FOCUS ON HOW, NOT WHAT
In many situations, school reform strategies primarily focus on improving academic curriculum, programs, and materials. While such changes are often essential, they are also often not sufficient in themselves. Reform or school improvement efforts, as well as teacher education and practice in general, largely ignore the school climate and the related learning barriers that can impede students’ motivation and ability to benefit from any improvements in curriculum, programs, or materials. Too often efforts that focus on curriculum, programs, and materials ignore the role of other information that can be simultaneously communicated in the classroom by HOW the teacher teaches rather than WHAT a teacher teaches. Thus, changing curriculum, programs, materials, or specific subject content may improve what is taught in a classroom, but may not alter what is learned. In other words: It’s not WHAT you do; it’s HOW you do it. Key to improving how we teach is purposefully striving to ensure that teaching provides these three fundamental developmental supports.
AT THE CORE OF THE THEORY
In an educational context, the presence of these three developmental supports in schools contributes to creating and sustaining a positive school climate—one that is optimal for fostering resilience. They promote school connectedness and, thus, learning engagement. They mitigate and buffer the negative effect that trauma, stress, and adversities such as poverty, racism, violence, alcohol and drug abuse, and physical and mental illness may have on individuals and their ability and motivation to learn. This, in turn, contributes to the healthy and successful development and emergence of children’s and adults’ personal developmental competencies and strengths, such as social competence, ability to problem–solve, autonomy (sense of self), and sense of purpose and future. The flow of the theory continues: the enhancement of individual strengths contribute to a reduction in their health risk behaviors and an increase in school connectedness and all aspects of their healthy development and life success—physically, socially, emotionally, cognitively, and morally/spirituality.
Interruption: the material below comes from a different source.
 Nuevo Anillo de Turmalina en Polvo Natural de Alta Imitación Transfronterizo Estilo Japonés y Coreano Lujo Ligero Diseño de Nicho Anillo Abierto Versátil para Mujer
This strengths–based developmental theory of change underlies most effective prevention and educational interventions. Continued research supports the application of this theory not only as it relates to young people from high–risk environments but also to all people regardless of age, gender, ethnicity, or geographic setting. It is imperative for our young people’s healthy development and school and life success, that schools address school climate by providing educational environments that motivate and engage children and adults in meeting their developmental needs in positive ways.